“For this debut collection, we started with 25 retailers,” explains Jonathan Hirschfeld, one half of the founding directors. “For Spring ’14, we have 60 on board.” The aesthetic works well in various retail environments. “In Stockholm, we’re stocked in a high-end boutique and just nearby is a skater store that also has the range. “There’s no conflict,” he says with understated satisfaction. You’ll find them stocked in several other premium-level international retailers, too. LN-CC, Très-Bien, Opening Ceremony and I.T. in the Far East are just some.
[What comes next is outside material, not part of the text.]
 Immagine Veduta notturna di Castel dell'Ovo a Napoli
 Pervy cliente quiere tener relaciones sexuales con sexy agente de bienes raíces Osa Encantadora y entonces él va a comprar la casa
Business partner, Max Schiller has eight years of experience behind him having worked with Acne from their earliest days. When pushed to elaborate, he reveals, “I started on the shop floor, then opened up the Paris office handling sales and press. At one point, I was designing the menswear,” he modestly recalls. But they are keen not to rely on any existing industry relations previously forged with Acne.
For both, the decision to start on their own was clear. “We grew up with Vans, and couldn’t afford €300 sneakers. There was a gap in the market.” Factor in their online mission statement – that they are motivated by street culture, physical product and online inspiration, as evidenced by their Tumblr – and there is a hint this is just the beginnings of a label to watch out for.
“Our design philosophy goes like this,” explains Schiller. “Portion – Function – No Logo. The product should be constant, so the creative side is with packaging the sneakers in different ways.”
Eytys has taken this idea beyond the stockroom and onto the shop floor. To introduce the sneakers to their customers, London’s Dover Street Market recently invited them to create an installation space, in which they collaborated with Swedish interior designer, Sara Wetterqvist, to display a series of marbled prints onto suspended plexiglass, mirrors and wooden panels. On December 13, they will recreate this in DSM Ginza for the holiday season.
Spring next year sees Eytys introducing Memphis-inspired prints into the collection and working with British artist, Rhys Coren. Coren has produced a series of animations based on the English football kit from earlier decades. Eytys has adapted these into patterns and Coren reciprocated by animating one of their prints. We will see the results in the physical products, the packaging and any future installations next season. As for the name…it’s left deliberately open-ended, although Hirschfeld and Schiller’s Gen-Y adolescence in the ‘80s decade lends an easy clue.